Huacas en San Miguel

En el antiguo valle de Maranga, dentro de lo que es hoy el Parque de las Leyendas, encontramos la Huaca Tres Palos. Se trata de un edificio piramidal (con una altura de 18 metros, aproximadamente) con terrazas escalonadas en su lado Este; por el Norte, presenta una gran rampa frontal. En la cima, hay una gran cantidad de enterramientos cuadrangulares en forma de damero. Formó parte del Señorío Ichma y, durante la ocupación inca, dependió de Pachamamac. Esta huaca ha sido excavada sistemáticamente por arqueólogos de la PUC. Incluso se han encontrado objetos de la época colonial, del siglo XVI, lo cual revela una ocupación española del lugar (naipes, zapatos, camisas y otros objetos de origen europeo). Lo que se ha encontrado está en el Instituto Riva-Agüero.

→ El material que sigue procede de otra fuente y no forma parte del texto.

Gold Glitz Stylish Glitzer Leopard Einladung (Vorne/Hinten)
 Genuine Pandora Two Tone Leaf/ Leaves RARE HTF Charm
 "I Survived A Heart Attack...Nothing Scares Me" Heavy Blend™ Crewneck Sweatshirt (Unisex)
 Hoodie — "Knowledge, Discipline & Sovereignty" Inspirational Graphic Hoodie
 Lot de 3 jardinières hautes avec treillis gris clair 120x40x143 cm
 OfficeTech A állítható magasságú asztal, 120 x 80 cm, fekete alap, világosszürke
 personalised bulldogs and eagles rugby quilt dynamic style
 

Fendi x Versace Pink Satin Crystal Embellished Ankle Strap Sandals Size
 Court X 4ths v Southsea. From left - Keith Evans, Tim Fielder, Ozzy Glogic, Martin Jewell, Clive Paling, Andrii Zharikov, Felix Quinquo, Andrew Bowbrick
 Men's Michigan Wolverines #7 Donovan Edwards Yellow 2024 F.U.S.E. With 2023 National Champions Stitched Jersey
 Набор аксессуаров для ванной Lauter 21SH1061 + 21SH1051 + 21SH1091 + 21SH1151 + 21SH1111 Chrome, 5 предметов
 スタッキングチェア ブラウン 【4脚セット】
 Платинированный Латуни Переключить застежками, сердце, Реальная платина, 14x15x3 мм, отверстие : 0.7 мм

El destino de muchos difuntos a lo largo del siglo XIX fue muy incierto. Por ejemplo, cuando estallaba una epidemia y los muertos abundaban y no había donde enterrar tantos cuerpos. En ese caso, las huacas eran una alternativa pues, agrandes rasgos, eran consideradas lugares sagrados. En otros casos, cuando moría alguien de escasos recursos y no pertenecía a la religión católica. Tal fue el caso de los cientos de chinos que se encontraban empleados en las haciendas de los alrededores de Lima como peones agrícolas. Algunos, como sabemos, fueron enterrados en la isla de san Lorenzo, frente al callao; otros encontraron su última morada en las huacas de las afueras de Lima.

Ese fue el caso de la Huaca Panteón Chino, ubicada entre las calles Río Moche y Río Huaura, junto a la avenida Mariano Cornejo, actual distrito de San Miguel. Formó parte del Complejo Arqueológico de Maranga, del Señorío Ichma, entre los años 1000 y 1.500 d.C. Se trató de un centro administrativo, también usado en la época inca y que tiene el perfil de una plataforma alta construida por muros de tapia. Lleva el nombre “Panteón Chino” porque fue utilizada por los culíes como cementerio, ya que estos trabajaban en las plantaciones de los alrededores. La huaca perteneció al periodo del intermedio tardío y fueron centros textiles. El estudio de este sitio arqueológico estuvo a cargo de Josefina Ramos de Cox y Gloria Olivera de Bueno.

No es precisamente una “huaca” pero es digno de ser visitado. Se trata del “Camino Inca”, ubicado dentro del campus de la Universidad Católica, es el último fragmento de la red de caminos prehispánicos que recorrían la costa peruana. Se le conoce como “camino inca” pero su construcción data de la época del Señorío Ichma; lógicamente, los incas también lo usaron y seguramente lo ampliaron. Su forma es “epimural”, es decir tiene muros a ambos lados y está construido elevado al piso. Está en buenas condiciones y esperamos que no sufra otra destrucción más. La última fue en la segunda mitad de los años 80 cuando se abrió la avenida Universitaria.

Puntuación: 4.50 / Votos: 6

Comentarios

  1. Carlos Lobaton Sanchez escribió:

    Muchas gracias por estos tremendos aportes a la historia de esta parte de Lima. Soy vecino de Pueblo Libre y desde ñiño siempre me atrajo ver en el distrito las huacas y los restos de ellas en los diversos parques. Aprovecho la ocasión para hacer una "corrección". La Huaca Panteon Chino o Julio C. Tello, estan en la jurisdicción de Pueblo Libre (no San Miguel), y el cruce de las calles nombradas si es el correcto. En San Miguel tambien pueden encontrarse algunos parques con restos de huacas destruídas por la urbanidad. Sigue adelante con estos aportes que nos enriquecen a todos.